• [Directions for this task]:
Could you return, exactly as written, every line from the one containing "Social Construction of" through the last line of the entries below, leaving out the pictures?

Content starts

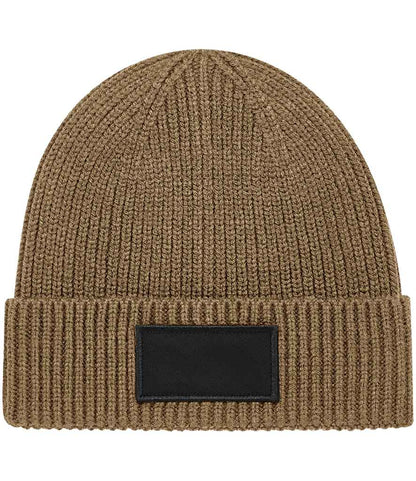 Beechfield Fashion Patch Beanie in Biscuit/Black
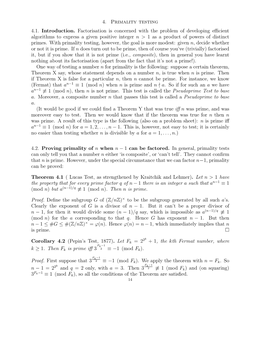 4. Primality Testing 4.1. Introduction. Factorisation Is Concerned with The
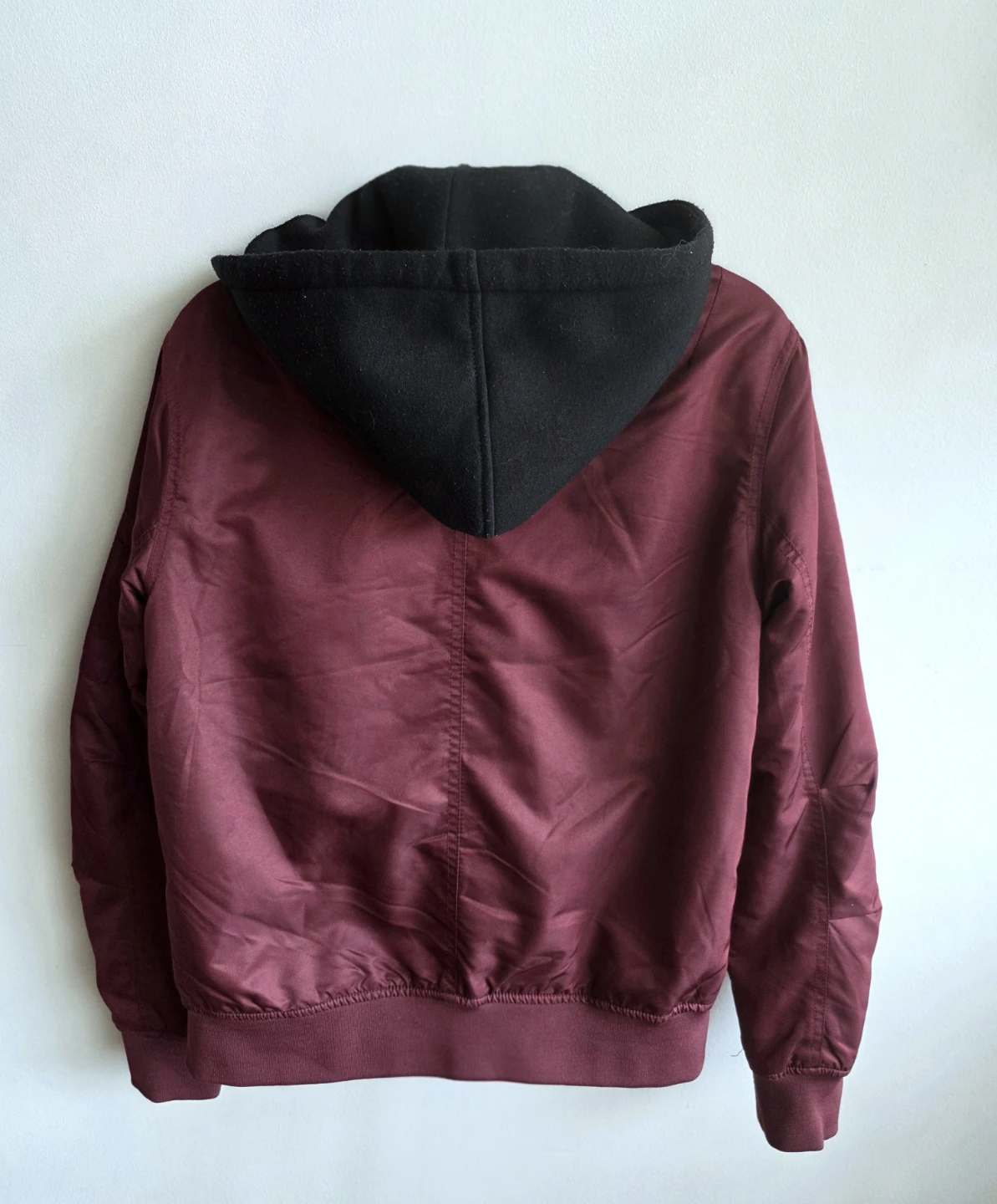 Burgundy Bomber Jacket with Black Hood - photo 3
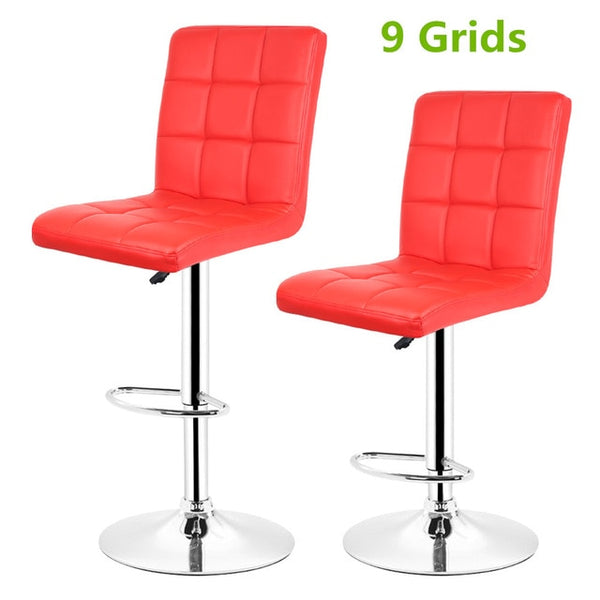 2PCS Fashion Swivel Bar Chairs Synthetic Rotating Bar Stool Lifting High Stool with Footrest Adjustable Silla for Home Decor HWC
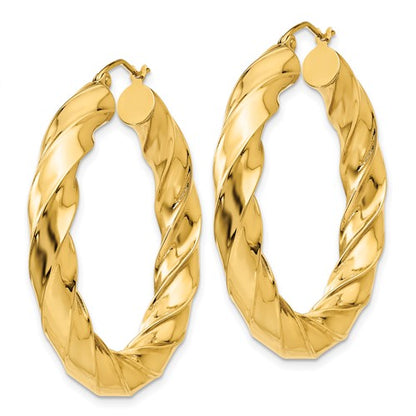 14k yellow gold twisted round hoop earrings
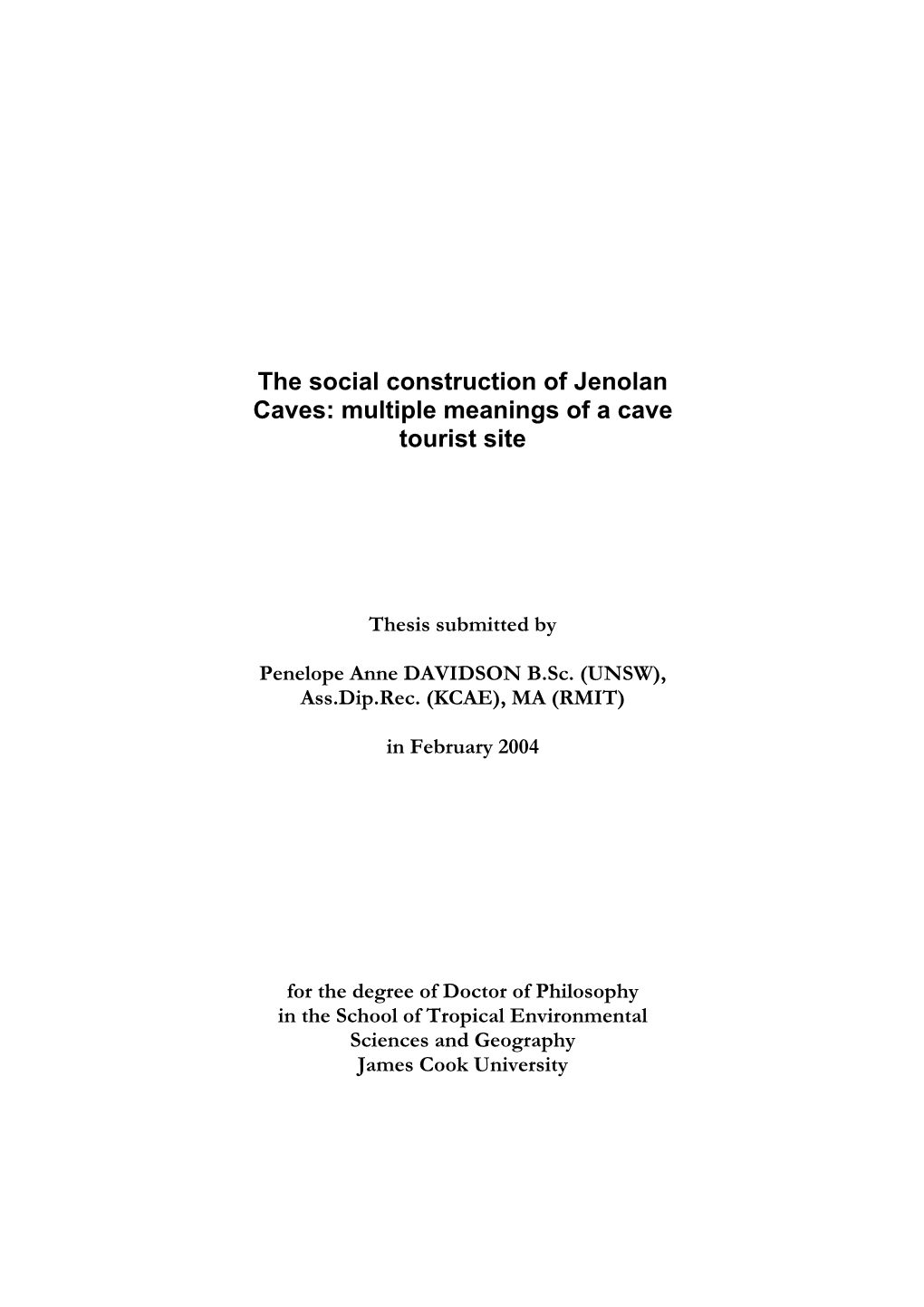 Social Construction of Jenolan Caves: Multiple Meanings of a Cave Tourist Site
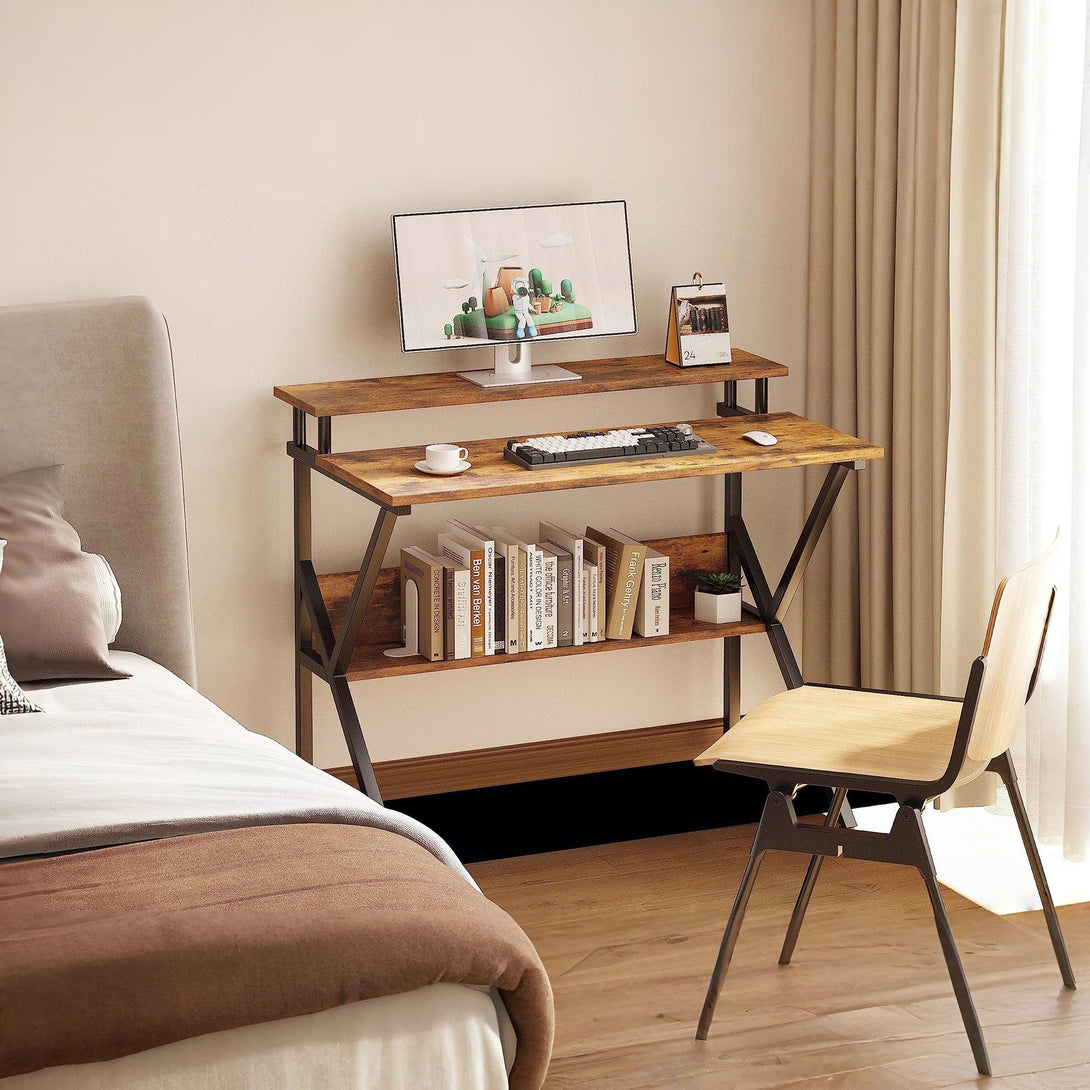 Michael 70cm Computer Desk Study Table - Rustic Brown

Content ends

• [Response area]:
 Social Construction of Jenolan Caves: Multiple Meanings of a Cave Tourist Site
 Michael 70cm Computer Desk Study Table - Rustic Brown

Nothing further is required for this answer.